In this article, we will look at some of the new issues that have arisen as a result of intellectual property (IP) protection under the international investment law.

What are Intellectual Property Rights?

Intellectual Property Rights (IPR) are the rights that refer to the creation of minds. They typically grant the inventor unique rights to use his or her creation for a specified period.

Some of these rights include:

  • Copyright
  • Patents
  • Trademarks
  • Industrial Designs
  • Geographical indications
  • Trade secrets

What is International Investment Law?

International investment law is the body of law that controls alliances between states and foreign investors.

There is no centralised pact or institution in the international investment law system. There are over 3200 bilateral investment treaties (BITs) and investment chapters in preferential trade agreements in this field of law (collectively referred to here as “investment treaties”). These treaties are augmented by a plethora of investment contracts between government bodies and foreign investors, as well as domestic investment regulations.
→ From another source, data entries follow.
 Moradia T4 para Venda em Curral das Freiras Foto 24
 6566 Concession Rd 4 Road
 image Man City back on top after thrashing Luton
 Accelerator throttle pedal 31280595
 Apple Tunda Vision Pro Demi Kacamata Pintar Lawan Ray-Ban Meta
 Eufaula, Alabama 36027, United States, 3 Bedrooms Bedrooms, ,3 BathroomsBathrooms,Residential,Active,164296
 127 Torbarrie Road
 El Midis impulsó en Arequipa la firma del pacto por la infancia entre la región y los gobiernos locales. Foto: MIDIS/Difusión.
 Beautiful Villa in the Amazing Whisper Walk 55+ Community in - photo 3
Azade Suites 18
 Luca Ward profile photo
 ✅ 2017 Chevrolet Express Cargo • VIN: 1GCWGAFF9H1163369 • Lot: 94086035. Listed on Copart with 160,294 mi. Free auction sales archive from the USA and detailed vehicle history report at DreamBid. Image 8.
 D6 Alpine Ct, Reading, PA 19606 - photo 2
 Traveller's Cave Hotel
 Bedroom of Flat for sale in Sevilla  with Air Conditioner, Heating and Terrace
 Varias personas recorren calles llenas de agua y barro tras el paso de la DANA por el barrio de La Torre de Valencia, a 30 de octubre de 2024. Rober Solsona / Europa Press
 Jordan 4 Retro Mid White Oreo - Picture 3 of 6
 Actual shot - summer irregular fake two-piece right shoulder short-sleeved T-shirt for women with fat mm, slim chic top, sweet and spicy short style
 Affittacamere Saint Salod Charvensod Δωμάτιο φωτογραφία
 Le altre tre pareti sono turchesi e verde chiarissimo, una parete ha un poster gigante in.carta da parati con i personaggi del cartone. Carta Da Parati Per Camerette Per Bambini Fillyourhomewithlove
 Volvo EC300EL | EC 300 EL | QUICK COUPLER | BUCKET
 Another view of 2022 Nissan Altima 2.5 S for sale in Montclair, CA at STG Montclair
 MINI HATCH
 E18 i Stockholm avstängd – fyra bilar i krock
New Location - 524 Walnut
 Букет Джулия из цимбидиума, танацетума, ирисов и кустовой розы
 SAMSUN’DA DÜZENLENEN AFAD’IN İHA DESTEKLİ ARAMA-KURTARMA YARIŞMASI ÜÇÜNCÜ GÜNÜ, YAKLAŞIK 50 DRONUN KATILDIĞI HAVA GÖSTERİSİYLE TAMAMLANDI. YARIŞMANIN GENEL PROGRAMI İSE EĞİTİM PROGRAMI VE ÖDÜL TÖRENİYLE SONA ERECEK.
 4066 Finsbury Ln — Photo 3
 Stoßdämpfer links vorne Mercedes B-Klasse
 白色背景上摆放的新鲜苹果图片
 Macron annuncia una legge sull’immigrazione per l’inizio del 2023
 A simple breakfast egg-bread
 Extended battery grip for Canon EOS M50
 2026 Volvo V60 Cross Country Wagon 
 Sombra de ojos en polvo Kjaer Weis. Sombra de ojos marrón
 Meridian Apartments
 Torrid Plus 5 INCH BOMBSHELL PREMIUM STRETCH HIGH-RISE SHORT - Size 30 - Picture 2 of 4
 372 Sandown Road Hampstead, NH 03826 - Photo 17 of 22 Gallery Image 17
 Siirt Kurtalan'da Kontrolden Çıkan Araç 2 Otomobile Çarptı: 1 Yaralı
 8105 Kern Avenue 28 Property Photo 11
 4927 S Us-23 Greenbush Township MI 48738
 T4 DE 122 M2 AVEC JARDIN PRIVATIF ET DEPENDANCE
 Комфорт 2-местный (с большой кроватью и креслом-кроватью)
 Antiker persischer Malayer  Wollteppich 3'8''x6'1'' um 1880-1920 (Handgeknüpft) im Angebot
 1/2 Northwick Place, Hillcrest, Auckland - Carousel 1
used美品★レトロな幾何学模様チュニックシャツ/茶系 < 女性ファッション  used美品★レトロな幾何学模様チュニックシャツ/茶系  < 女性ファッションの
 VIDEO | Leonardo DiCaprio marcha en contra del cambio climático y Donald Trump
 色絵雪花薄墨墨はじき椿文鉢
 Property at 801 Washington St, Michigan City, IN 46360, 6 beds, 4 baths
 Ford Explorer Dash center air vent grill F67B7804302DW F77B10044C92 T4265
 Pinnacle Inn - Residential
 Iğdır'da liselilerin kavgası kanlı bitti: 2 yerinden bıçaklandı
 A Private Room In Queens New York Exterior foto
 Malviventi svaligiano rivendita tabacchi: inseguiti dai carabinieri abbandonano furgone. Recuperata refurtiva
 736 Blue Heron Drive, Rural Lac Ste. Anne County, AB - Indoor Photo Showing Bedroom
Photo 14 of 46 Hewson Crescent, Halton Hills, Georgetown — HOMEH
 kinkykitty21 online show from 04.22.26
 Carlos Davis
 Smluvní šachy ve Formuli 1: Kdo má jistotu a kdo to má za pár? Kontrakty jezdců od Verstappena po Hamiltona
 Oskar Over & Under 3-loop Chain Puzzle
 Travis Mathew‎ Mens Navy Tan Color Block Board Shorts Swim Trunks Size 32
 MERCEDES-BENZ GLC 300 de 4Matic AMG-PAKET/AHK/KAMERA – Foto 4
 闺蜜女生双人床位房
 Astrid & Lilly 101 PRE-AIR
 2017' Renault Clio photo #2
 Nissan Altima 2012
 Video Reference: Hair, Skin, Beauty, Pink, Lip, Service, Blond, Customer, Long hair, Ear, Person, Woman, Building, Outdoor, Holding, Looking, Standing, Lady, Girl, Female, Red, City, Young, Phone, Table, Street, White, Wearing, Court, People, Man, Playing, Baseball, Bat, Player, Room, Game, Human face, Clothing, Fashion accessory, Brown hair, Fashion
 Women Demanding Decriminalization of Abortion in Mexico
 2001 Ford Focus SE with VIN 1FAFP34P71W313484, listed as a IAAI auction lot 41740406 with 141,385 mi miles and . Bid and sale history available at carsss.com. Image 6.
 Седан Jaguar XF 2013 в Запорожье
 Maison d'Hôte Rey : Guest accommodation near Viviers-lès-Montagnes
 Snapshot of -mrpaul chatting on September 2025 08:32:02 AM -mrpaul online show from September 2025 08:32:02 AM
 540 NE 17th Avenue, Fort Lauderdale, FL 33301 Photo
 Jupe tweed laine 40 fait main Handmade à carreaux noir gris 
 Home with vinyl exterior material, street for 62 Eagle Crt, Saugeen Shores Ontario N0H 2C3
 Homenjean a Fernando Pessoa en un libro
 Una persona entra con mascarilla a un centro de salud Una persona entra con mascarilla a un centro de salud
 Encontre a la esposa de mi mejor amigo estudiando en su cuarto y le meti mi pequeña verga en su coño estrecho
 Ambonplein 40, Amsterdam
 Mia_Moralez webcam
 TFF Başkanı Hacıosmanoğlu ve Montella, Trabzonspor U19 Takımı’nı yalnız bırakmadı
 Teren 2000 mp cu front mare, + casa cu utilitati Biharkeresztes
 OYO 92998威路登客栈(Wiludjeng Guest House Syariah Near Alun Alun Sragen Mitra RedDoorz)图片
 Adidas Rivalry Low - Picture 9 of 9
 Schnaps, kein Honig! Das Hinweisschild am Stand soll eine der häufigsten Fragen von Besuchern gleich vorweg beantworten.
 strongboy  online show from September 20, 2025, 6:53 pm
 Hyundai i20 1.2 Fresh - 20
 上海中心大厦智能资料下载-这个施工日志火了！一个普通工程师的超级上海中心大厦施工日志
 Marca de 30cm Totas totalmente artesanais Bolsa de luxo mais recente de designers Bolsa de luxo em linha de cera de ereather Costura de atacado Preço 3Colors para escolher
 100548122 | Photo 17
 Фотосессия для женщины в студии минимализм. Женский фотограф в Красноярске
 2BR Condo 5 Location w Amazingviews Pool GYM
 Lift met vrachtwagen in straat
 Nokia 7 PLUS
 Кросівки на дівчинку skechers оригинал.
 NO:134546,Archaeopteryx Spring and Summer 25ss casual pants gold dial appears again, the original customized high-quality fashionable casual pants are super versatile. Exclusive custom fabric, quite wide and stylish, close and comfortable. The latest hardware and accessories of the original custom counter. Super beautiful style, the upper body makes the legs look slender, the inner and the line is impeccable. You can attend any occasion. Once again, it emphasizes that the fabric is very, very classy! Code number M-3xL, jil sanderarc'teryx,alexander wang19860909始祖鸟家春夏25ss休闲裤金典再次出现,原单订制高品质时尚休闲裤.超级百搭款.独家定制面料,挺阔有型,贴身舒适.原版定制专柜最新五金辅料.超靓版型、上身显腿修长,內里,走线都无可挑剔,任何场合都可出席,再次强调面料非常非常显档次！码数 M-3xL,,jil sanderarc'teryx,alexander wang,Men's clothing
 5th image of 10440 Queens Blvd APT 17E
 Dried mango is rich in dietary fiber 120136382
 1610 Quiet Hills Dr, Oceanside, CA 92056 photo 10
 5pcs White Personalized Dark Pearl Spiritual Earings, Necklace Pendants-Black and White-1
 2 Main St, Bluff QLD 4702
Investment treaties seek to attract FDI to enhance economic development by providing certain protections to foreign investors and their investments, including some that go beyond those available to local investors. These may involve responsibilities on the part of the home state not to confiscate property, not to distinguish against the investor, and to treat the investor in a “fair and equitable” fashion. Through a process known as investor-state dispute settlement(ISDS), investment agreements often allow foreign investors to directly bring legal issues against the state government in which their investment is held.

Intellectual property provisions in International Investment Arrangements

  • There are numerous multilateral treaties on IP. 
  • The most well-known is the World Trade Organization (WTO) Agreement on Trade-Related Aspects of Intellectual Property Rights (the TRIPS Agreement), which was reached during the Uruguay Round of trade talks.The TRIPS Agreement sets up basic requirements that WTO members must follow, with a few exceptions. 
  • IP-related provisions are also common in bilateral investment treaties (BITs) and preferential trade and investment treaties (PTIAs).
  • The incorporation of IP-related clauses in BITs and PTIAs highlights the importance of patents, trade secrets, trademarks, copyrights, and other IPRs in international trade relations. It is also a crucial area where fierce bargaining takes place.

Intellectual property as “investment” in bilateral investment treaties

IPRs are mostly covered under the definition of ‘investment’ in most BITs. It shows how important it is to protect one’s intangible assets from the inclusion of IPRs in the definition of ‘investment’ in BITs. IP can be a valuable strategic asset, which is especially important given the rapid development of advanced industries such as biotechnology and pharmaceuticals, which rely on patents, trade secrets and know-how protection.

The clear words referring to intellectual property rights in the definition of BIT investment has evolved over time. From the 1960s to the 1980s, BITs regularly differentiated between “industrial property rights” and “copyrights,” as well as other related subject matter such as technical procedures or processes. Recent BITs generally refer to “intellectual property rights” in a specific list of assets to be protected. 

The important clauses in the BITs are as follows: 

Most-Favoured Nation (MFN) treatment

MFN clauses are common in almost all BITs. An MFN clause allows an investor to assert any advantageous right available to any other state that has a BIT with the host state.Investors have used MFN provisions to assert the advantage of more beneficial procedural and substantive safeguards found in the host country’s BIT with other countries, with mixed results.

National treatment

The concept of National Treatment guarantees that a foreign investor is handled on an equal footing with a domestic investor and is not subjected to unequal treatment.Many IP conventions, including the TRIPS Agreement, include the national treatment standard.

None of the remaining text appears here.